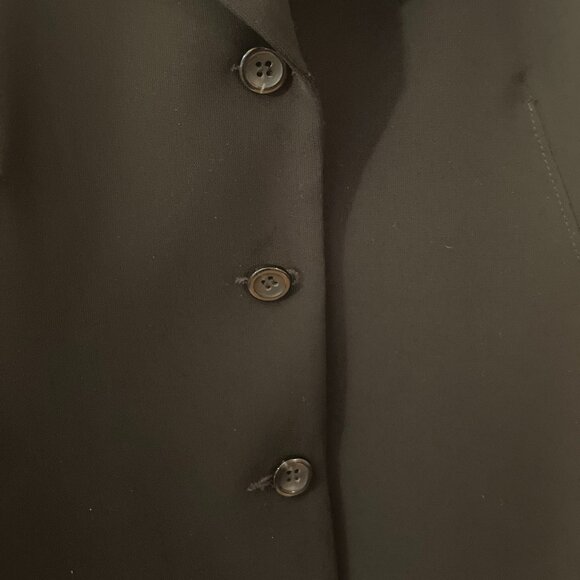 Elegant Tristan & Iseut Black Long Jacket: Size 2 - Picture 5 of 16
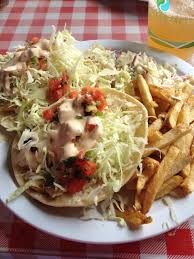 Invogliata dal pesce in mostra, ho ordinato un fish taco with french fries (tacos con tortilla di mais naturalmente senza glutine!), e poco. Fish Tacos Picture Of Reel Inn Malibu Tripadvisor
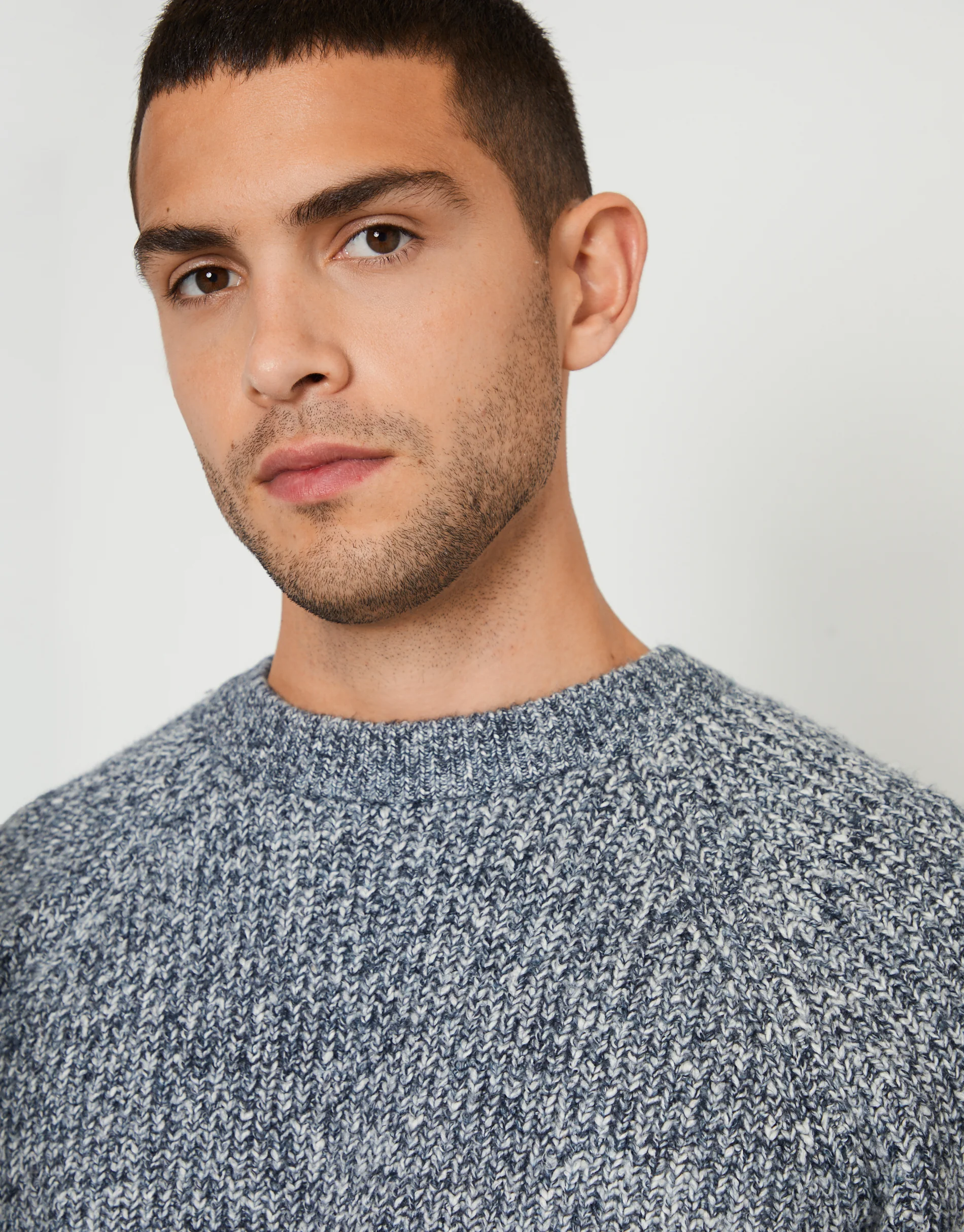 Raglan Sleeve Crew Neck Jumper in Navy - Image 5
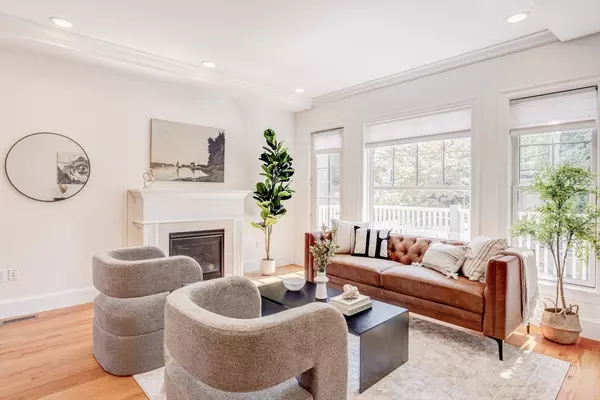 Brookline, MA 02446,19 Harris Street #2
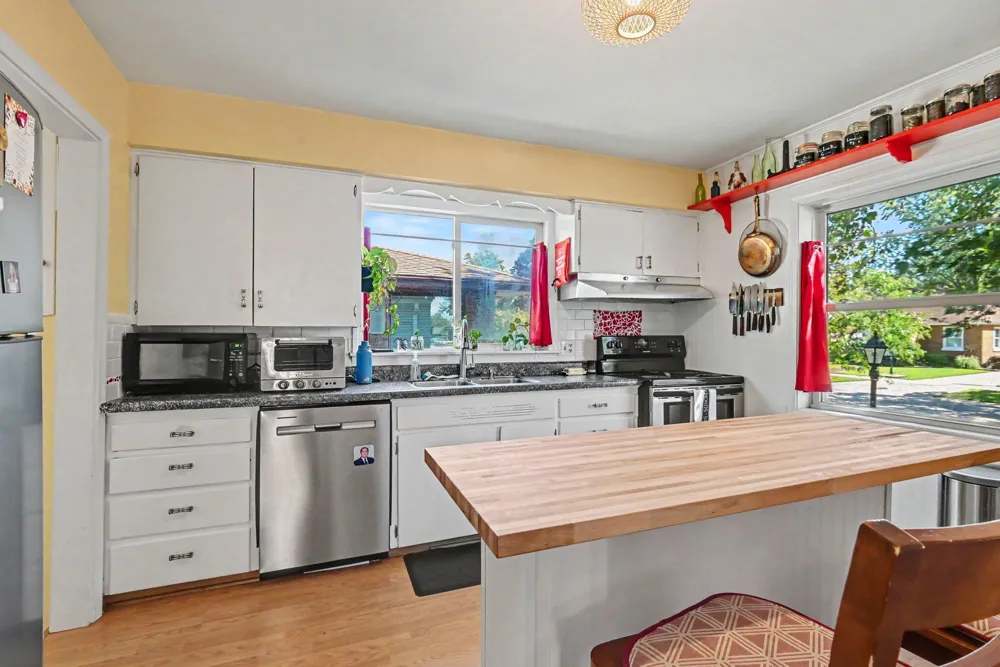 147 W 29th Street Holland, MI 49423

** WHAT TO WORK ON **
The data is to be returned exactly as it stands, pictures aside.

** EXERCISE OUTPUT **
 Elegant Tristan & Iseut Black Long Jacket: Size 2 - Picture 5 of 16
 Invogliata dal pesce in mostra, ho ordinato un fish taco with french fries (tacos con tortilla di mais naturalmente senza glutine!), e poco. Fish Tacos Picture Of Reel Inn Malibu Tripadvisor
 Raglan Sleeve Crew Neck Jumper in Navy - Image 5
 Brookline, MA 02446,19 Harris Street #2
 147 W 29th Street Holland, MI 49423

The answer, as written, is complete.